Voy a contar algo que ha pasado hace unos días. Explicaré dónde y qué. Hay un supermercado de Mercadona en una barriada de Málaga que se llama El Palo. Yo fui paleño durante ocho años. Y todavía conservo el ático en el que viví. Muchas veces iba a comprar a ese supermercado que se encuentra a pocos metros de mi vivienda. Y hoy en día, aunque ahora vivo en La Cala del Moral, acudo algunas veces a él por comodidad o por nostalgia.

Pues bien, en estas navidades, me han enviado una noticia que me ha llamado la atención. Y que ha tenido lugar en ese Mercadona de El Palo. Una señora mayor (84 años contantes y sonantes) deposita su compra sobre la cinta y contempla cómo la cajera va pasando los diversos productos por el lector óptico. Cuando la cajera termina le dice el total (62 euros) que tiene que abonar y le pregunta si va a pagar con tarjeta. La respuesta de la anciana es afirmativa. Saca de su bolso una cartera, extrae la tarjeta bancaria y la introduce por la ranura del datáfono. Cuando marca el pin, comprueba que hay un error. Vuelve a introducir otro número y se repite el rechazo. La señora se pone muy nerviosa porque ve que la gente de la cola empieza a impacientarse.

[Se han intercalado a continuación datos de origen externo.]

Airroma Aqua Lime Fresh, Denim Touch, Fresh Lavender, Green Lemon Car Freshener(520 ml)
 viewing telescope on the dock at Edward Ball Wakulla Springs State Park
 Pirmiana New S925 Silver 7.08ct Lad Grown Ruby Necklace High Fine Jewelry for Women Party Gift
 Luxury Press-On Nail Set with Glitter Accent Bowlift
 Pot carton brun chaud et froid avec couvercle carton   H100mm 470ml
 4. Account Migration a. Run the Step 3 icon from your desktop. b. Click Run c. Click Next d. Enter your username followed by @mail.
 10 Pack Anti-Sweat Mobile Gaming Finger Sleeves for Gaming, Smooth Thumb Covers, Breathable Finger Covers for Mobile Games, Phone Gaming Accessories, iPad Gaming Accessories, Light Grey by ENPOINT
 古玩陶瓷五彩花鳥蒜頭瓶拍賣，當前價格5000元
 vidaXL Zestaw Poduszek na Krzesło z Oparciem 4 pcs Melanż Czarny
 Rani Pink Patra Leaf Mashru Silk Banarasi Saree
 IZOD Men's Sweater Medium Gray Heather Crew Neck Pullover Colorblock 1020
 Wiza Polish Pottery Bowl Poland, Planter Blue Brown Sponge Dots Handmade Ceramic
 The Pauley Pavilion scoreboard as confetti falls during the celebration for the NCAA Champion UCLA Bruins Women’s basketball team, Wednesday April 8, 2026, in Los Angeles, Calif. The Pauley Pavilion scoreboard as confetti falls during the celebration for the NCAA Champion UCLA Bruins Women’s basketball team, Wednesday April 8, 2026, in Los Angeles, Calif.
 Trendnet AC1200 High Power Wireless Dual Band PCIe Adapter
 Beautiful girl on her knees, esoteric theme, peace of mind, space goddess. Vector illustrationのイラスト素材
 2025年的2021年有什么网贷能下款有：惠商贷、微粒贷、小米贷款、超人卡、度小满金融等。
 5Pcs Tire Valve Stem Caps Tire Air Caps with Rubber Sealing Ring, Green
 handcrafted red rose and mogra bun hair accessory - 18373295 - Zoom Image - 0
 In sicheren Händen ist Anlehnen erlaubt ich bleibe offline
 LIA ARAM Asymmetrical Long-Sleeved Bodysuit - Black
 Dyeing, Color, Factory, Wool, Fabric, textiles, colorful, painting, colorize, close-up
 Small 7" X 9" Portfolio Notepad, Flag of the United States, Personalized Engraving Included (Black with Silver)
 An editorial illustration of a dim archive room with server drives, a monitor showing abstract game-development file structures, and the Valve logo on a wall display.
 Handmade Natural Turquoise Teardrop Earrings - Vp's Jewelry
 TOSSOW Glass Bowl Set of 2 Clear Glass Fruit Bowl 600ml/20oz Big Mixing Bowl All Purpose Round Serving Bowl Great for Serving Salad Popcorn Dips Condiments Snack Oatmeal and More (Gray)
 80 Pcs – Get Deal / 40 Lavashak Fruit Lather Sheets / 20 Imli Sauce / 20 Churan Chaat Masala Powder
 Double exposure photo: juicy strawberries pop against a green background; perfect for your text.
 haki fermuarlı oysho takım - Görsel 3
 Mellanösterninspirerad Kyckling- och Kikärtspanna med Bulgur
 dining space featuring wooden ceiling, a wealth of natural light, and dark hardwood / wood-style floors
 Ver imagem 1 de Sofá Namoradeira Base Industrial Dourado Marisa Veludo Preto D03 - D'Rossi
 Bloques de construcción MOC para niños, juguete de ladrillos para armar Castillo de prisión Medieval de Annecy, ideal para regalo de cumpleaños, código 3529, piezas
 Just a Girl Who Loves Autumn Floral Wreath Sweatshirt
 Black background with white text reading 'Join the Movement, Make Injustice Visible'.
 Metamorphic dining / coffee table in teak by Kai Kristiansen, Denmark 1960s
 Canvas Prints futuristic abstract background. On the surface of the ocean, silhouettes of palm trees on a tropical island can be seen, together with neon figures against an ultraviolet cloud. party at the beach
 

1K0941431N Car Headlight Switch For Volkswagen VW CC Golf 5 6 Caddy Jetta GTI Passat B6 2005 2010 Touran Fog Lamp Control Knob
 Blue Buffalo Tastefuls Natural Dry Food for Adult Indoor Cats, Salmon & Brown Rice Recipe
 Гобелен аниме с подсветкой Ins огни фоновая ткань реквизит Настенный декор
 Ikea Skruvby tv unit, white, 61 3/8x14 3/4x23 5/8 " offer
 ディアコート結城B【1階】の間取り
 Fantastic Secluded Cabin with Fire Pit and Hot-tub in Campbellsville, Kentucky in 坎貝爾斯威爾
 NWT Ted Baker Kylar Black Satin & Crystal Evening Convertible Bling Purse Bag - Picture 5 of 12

Llama por teléfono a su hijo con el fin de que la ayude a recordar el pin de su tarjeta. Pero el hijo no responde a la llamada porque, como se ha sabido después, se encuentra visitando a su hermana, ingresada en un Hospital y, en ese momento, está hablando con los médicos. La señora, desbordada por la situación, se echa a llorar desconsoladamente.

Encuentra en su bolso 15 euros y cuando le va a decir a la cajera que deje solo productos que puede pagar con el dinero que lleva, esta le dice para su sorpresa:

Señora, puede llevárselo todo. Ha pagado su cuenta ese joven con jersey marrón que está atravesando la puerta de salida.
Lo que más me ha llamado la atención de esta historia es que el joven se fuese sin decirle a la señora que él se había hecho cargo de su cuenta. Lo cual significa que no se trata de un préstamo sino de una donación, ya que no espera recuperar ese dinero. Pero, sobre todo, su retirada silenciosa muestra claramente que no pretendía conseguir el reconocimiento de la desconsolada compradora. Esa persona hizo buenas las palabras de Séneca: “La mayor recompensa de una buena acción es haberla hecho”.

La noticia ha tenido más relevancia porque la señora ha resultado ser la madre del conocido chef Chicho Marín, que busca al joven benefactor con un tuit que se ha hecho viral. Dice así: “Almas buenas. Gracias a la persona que hoy, con tanta generosidad, le ha pagado la compra a mi madre al ver que no se acordaba del pin. Si lees esto me gustaría poder pagártelo. Gracias de corazón. Ha llorado mucho por su impotencia ante la falta de memoria”. Que yo sepa, el generoso y anónimo donante no se ha presentado, sea por no conocer el reclamo del hijo, sea porque desea mantener el anonimato. En una llamada al supermercado acabo de comprobar que no se ha sabido nada más del joven donante.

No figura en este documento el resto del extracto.